Sciopero di 24 ore dell’intero settore portuale il prossimo 6 marzo 2015. È quanto proclamato da Filt Cgil, Fit Cisl e Uiltrasporti, contro “la situazione d’incertezza” che vive il settore. Sotto accusa i “pericolosi segnali contro il lavoro e la sua attuale disciplina” contenuti nel ddl “concorrenza” proposto dal MISE  e pronto ad essere presentato nel prossimo Consiglio dei Ministri. “La diatriba di competenze che si è scatenata tra il Ministero delle Infrastrutture e Trasporti e il Ministero dello Sviluppo Economico sul ddl concorrenza – spiegano i sindacati – ad oggi non ha ancora trovato una soluzione ed è un preoccupante segno di come si sta approcciando alla riforma della portualità.
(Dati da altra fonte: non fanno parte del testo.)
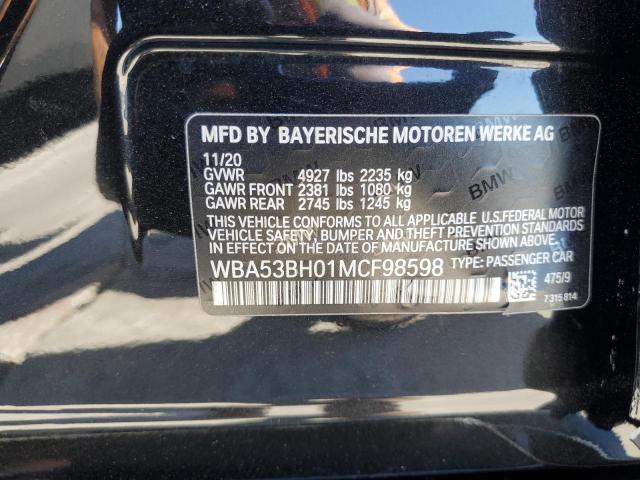 2021 BMW 530 I WBA53BH01MCF98598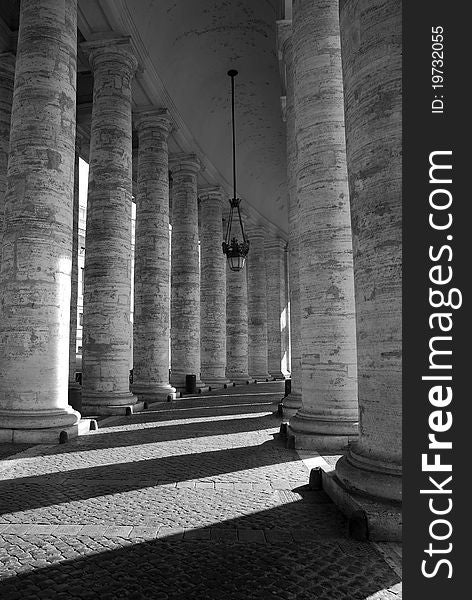 Colonnade in the Vatican in Rome.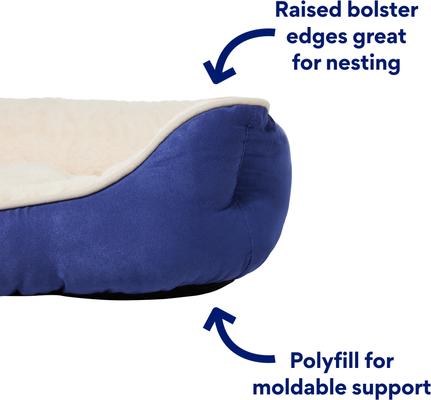 Show full view: Frisco Faux Suede Bolster Cat & Dog Bed, Navy, Small slide 4 of 8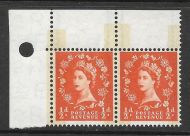Sg 599a S8a ½d Wilding Phos graphite Narrow Band Left margin pair UNMOUNTED MINT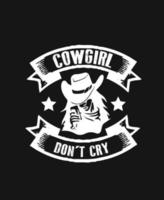 cowgirl t skjorta mall design. vektor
Logica avrebbe voluto, al di là della nostra opinione in merito, che la materia fosse competenza del MIT e non MISE”. Sotto accusa anche la mancanza di chiarezza sulla riforma della 84/94 che non consente di “conoscere nel dettaglio gli aspetti di merito che saranno alla base della proposta di Legge sul piano strategico nazionale dei porti e della logistica”. Per quanto attiene i servizi tecnico nautici, l’astensione sarà di 12 ore, contemplando quanto previsto dalla legge. “Lo sciopero dei lavoratori dei porti non riguarderà i servizi garantiti”.